War has broken out on the streets of Southeil between two rival gangs over the death of one gang leader's first lieutenant. The war has raged on for nearly a year, with no end in sight. The only chance Detective Karen Oswalt and her partner have of ending the war is by bringing the killer to justice. Unfortunately, they haven't a clue. When they receive a phone call from a long-thought-dead informant claiming to know who the killer is, they jump at the chance and arrange a meeting, never thinking for one moment that they might be walking into a trap. What they do walk into defies explanation, something their cop instincts (and common sense) say can't possibly exist, but there it is. They need to come to terms quickly with what they are witnessing, otherwise their very lives might be forfeit.

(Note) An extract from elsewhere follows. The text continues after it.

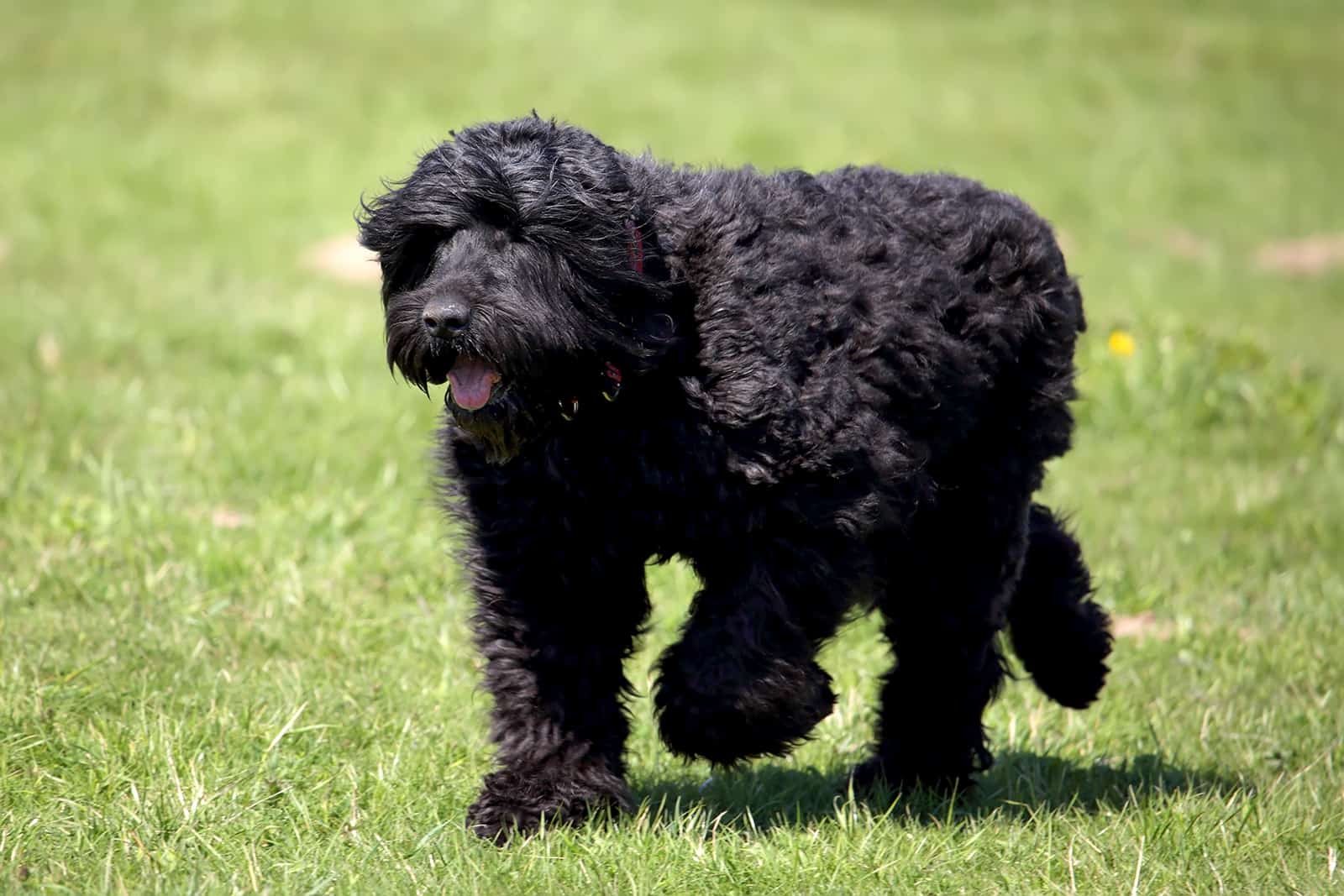 terrier negro ruso corriendo en el parque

Even though the piece is short, Black showcases his talents as a writer by creating a believable world populated with realistic characters you quickly get to know and and like (well, some of them, at least). His vivid descriptions of the gritty landscape places the reader on the streets of Southeil, and you come away from the story feeling just a little grungy, but wanting more. The story begs for expansion, and if not an expansion, at least another installment, and I could definitely see a movie being made of this.
Those who follow my reviews know there's usually a but coming, but in this instance, there is no but. If you're looking for something to read, but don't have the time to invest in a full-length novel, I would definitely recommend this tale, as it could very easily be finished within half an hour.